O direito tributário não fica imune às interações com as novas tecnologias e tem sido pauta de decisões judiciais, inclusive no Supremo Tribunal Federal. Para ilustrar a situação, temos o julgamento do STF na ADI 1945, que por maioria, reconheceu a constitucionalidade da incidência de ISS sobre contratos de licenciamento ou cessão de direito de uso de softwares desenvolvidos para clientes de forma personalizada ou “de prateleira”. O voto condutor, proferido pelo Ministro Dias Toffoli, deixou claro o afastamento da tributação via ICMS. Após esta decisão, tem-se que a tradicional distinção entre software de prateleira (padronizado) e por encomenda (personalizado) não é mais suficiente para a definição da competência para a tributação dos negócios jurídicos que envolvam programas de computador em suas diversas modalidades.
Outras questões relativas aos desafios da tributação na era digital seguem acaloradas, especialmente quando pensamos em classificação de serviços. Um bom exemplo são as dificuldades envolvendo a tributação da internet das coisas (IoT). Carmo (2021) assevera que ao analisar o Plano Nacional de Internet das Coisas e a Consulta Pública 39/2019 da Anatel, extrai-se que os principais desafios para tributar IoT são a determinação da classificação dos serviços, a possibilidade de guerra fiscal e a elevada carga tributária incidente sobre esse ecossistema, que pode levar até mesmo a inviabilizar modelos de negócio. No mesmo sentido, Uhdre (2021) ressalta a questão que ainda permanece sobre operações complexas de OIT, acerca do momento de incidência do ISS e/ou do ICMS.
Não se pode deixar de mencionar o atual debate sobre a dinâmica que envolve a tributação no metaverso (URBIETA, 2022). Este ambiente pode ser conceituado, de forma muito simplória, como um mundo virtual que replica a realidade através de dispositivos digitais. Desse contexto surgem questões sobre como tributar bens digitais (imateriais e transmissíveis via licença de uso) e criptoativos, pairando dúvidas, por exemplo, sobre a incidência de ISS ou mesmo de ICMS. Além disso, surge um grande dilema: onde tributar, ou seja, de quem é a competência tributária, levando em conta a crescente desterritorialização e fragmentação desse novo mundo.
Como forma de propiciar eficiência e resiliência às empresas que aportam novas tecnologias, imperativo, outrossim, que tenhamos políticas tributárias que se alinhem ao Objetivo de Desenvolvimento Sustentável 9, alusivo à indústria, inovação e desenvolvimento, em sua meta 9.b, ajustada ao Brasil, pugnando pelo “apoio ao desenvolvimento tecnológico, a pesquisa e a inovação nacionais, por meio de políticas públicas que assegurem um ambiente institucional e normativo favorável para, entre outras coisas, promover a diversificação industrial e a agregação de valor às commodities” (ODS 9 – Indústria, Inovação e Infraestrutura – Ipea – Objetivos do Desenvolvimento Sustentável).
3 ANÁLISE DA TRIBUTAÇÃO SOBRE VoIP: SERVIÇO DE TELECOMUNICAÇÃO OU SVA?
O esforço para determinar qual tributo incide sobre o modelo de negócio que se embasa em tecnologia tem reflexos claros no dia a dia e na organização empresarial.

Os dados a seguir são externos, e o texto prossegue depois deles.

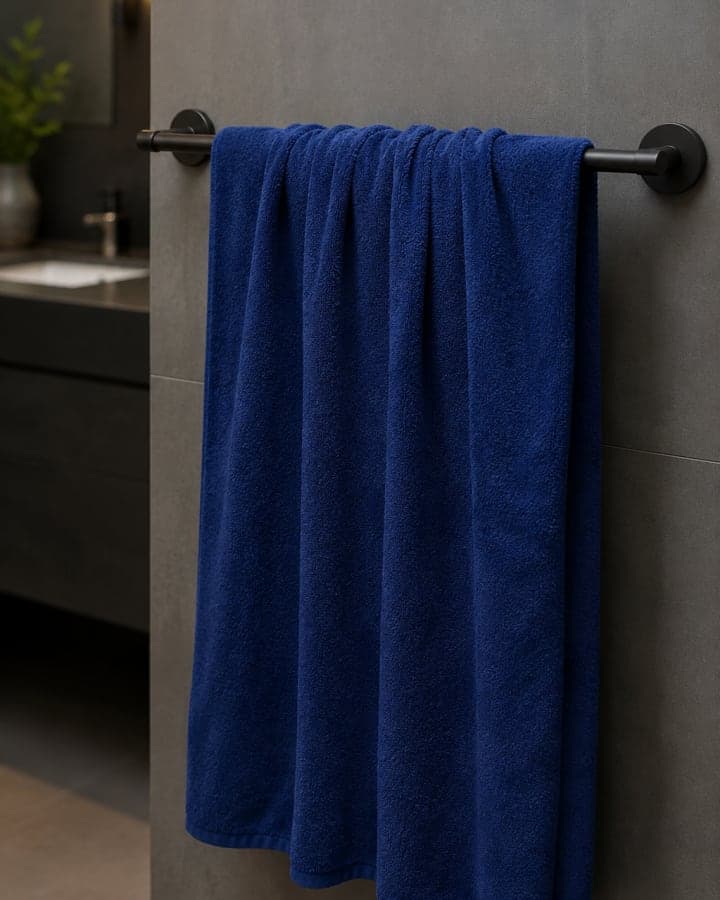 Ivory Mosaic Dobby Bath Towel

A partir do estudo do caso da empresa D.S.C Ltda, podemos observar que a atuação do Fisco muitas vezes fere entendimentos já consolidados por tribunais regionais, no caso do TJPB e até mesmo superiores, como o STJ e o STF.
A D.S.C Ltda é uma empresa que se especializou no desenvolvimento de soluções que auxiliam a comunicação para empresas (B2B), inclusive por meio do uso da tecnologia “Voz sobre IP” ou “VoIP”. A funcionalidade primordial da solução oferecida pela empresa é a conexão de linhas telefônicas pré-estabelecidas de seus clientes com os sistemas de atendimento ao consumidor (CRM), permitindo que o usuário originador de chamadas telefônicas destinadas aos seus clientes seja prontamente identificado, viabilizando um atendimento personalizado, levando em conta todo um histórico de relacionamento do cliente.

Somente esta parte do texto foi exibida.